When a company operates multiple distribution centers (CDs) it is important to place the right products close to demand. This avoids longer journeys, consistent delays, poorly allocated resources, and higher fleet costs for deliveries. AI can control traffic time, product availability, demand fluctuations, and route optimization, and reduce operational tasks and fleet control and notifications to carriers automatically.

For what makes cargo transport knows that one of the challenges of delivery is the last mile, which consumes between 25-28% of the total delivery costs. Many cities have vehicle type restrictions at certain times, and the right type of vehicle allocation can optimize fuel reduction deliveries, time savings, reduced distances traveled, among other factors. An efficient routing system operator by an AI system can define optimized routes automatically.

The Picking, product selection in the warehouse, can be optimized by AI systems guiding robots or tracing an employee’s optimized routes. An AI system learns which trips are most frequent and optimizes both the product warehouse location and the fastest routes to separate orders. The Packing can be optimized with AI systems learning, dynamically, the best classification of packages associated with the configuration of conveyor belts.

As we have seen one of the criteria of consumer purchase is the price. In this way, retailers and wholesalers must constantly monitor the prices of products, their similar and substitutes in the market. AI systems and price research robots analyze competitors’ prices, assess profit margins, and suggest new prices to increase sales, with approval from a supervisor or automatically.

For a long time, Electronic Data Exchange (EDI) systems support product replacement systems in warehouses with automatic orders based on certain pre-established criteria, such as minimum inventory. AI systems can optimize replacement systems by changing warehouse supply criteria based on demand fluctuation forecasts.

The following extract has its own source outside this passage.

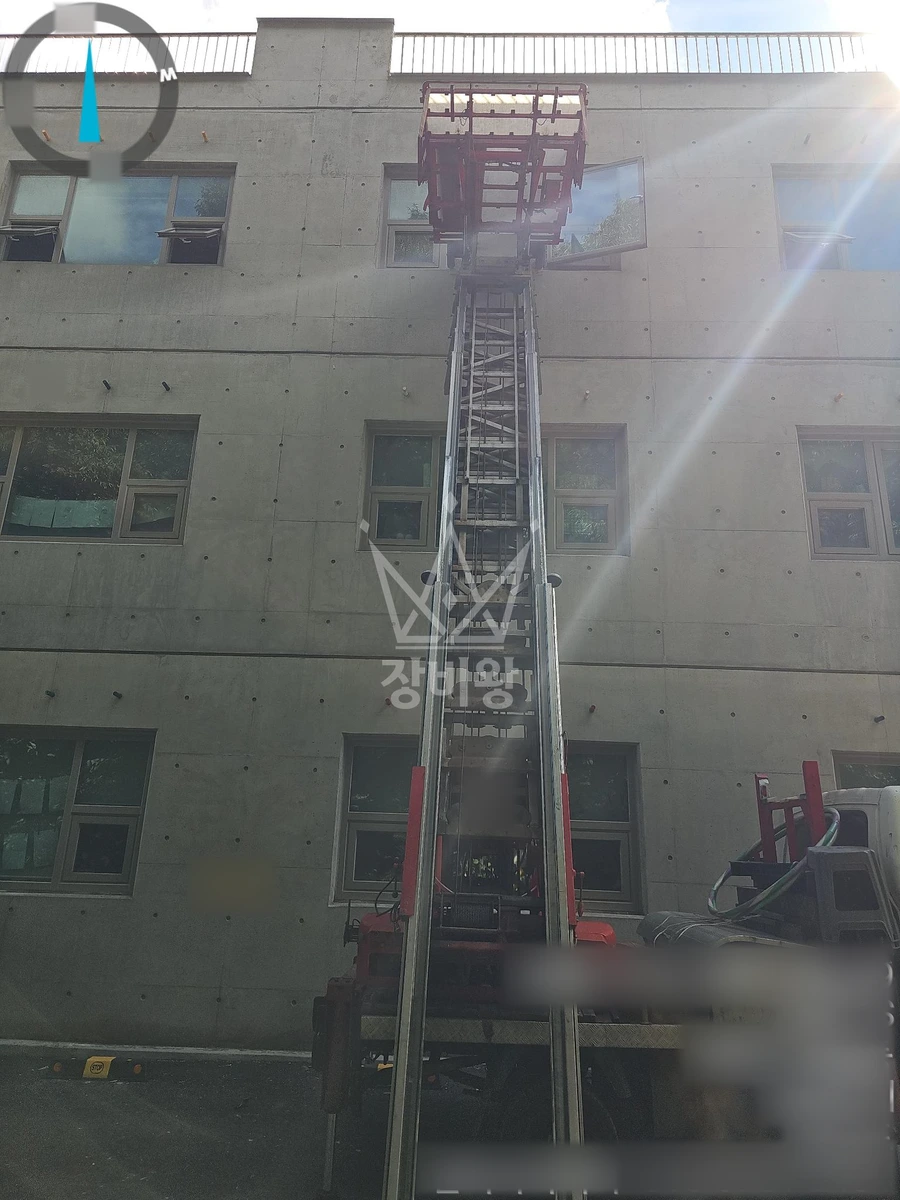 경기 남양주시 호평동 1톤 사다리차 장비 올림 작업사진 2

The complete robotization of the warehouses will make the operation cheaper and more efficient, can work 24 hours a day, 7 days a week without reducing productivity, increasing the reliability of deliveries and customer satisfaction.

The big challenge for companies is to build an artificial intelligence system that orchestrates all the functions of retail, wholesale, and distribution as a unique ecosystem – a Big Brother. This is possible with the new technologies of IoT, Big Data, Cloud Computing, Edge Computing, Robots, Robotic Process Automation (RPA), Digital Twins, Blockchain, drones, autonomous vehicles, 5G and recognition of images controlled by artificial intelligence.

Digital Innovation

In a fast-paced digital world, the expectations of customers are shifting. A big part of what we do is exploring the innovative digital technologies that are shaping our future. We examine the ideas of tomorrow that are going to impact our world these future-market insights decide how business can take advantage of the latest trends. And because we always place value over technology, it means any innovations we implement solve business and societal challenges.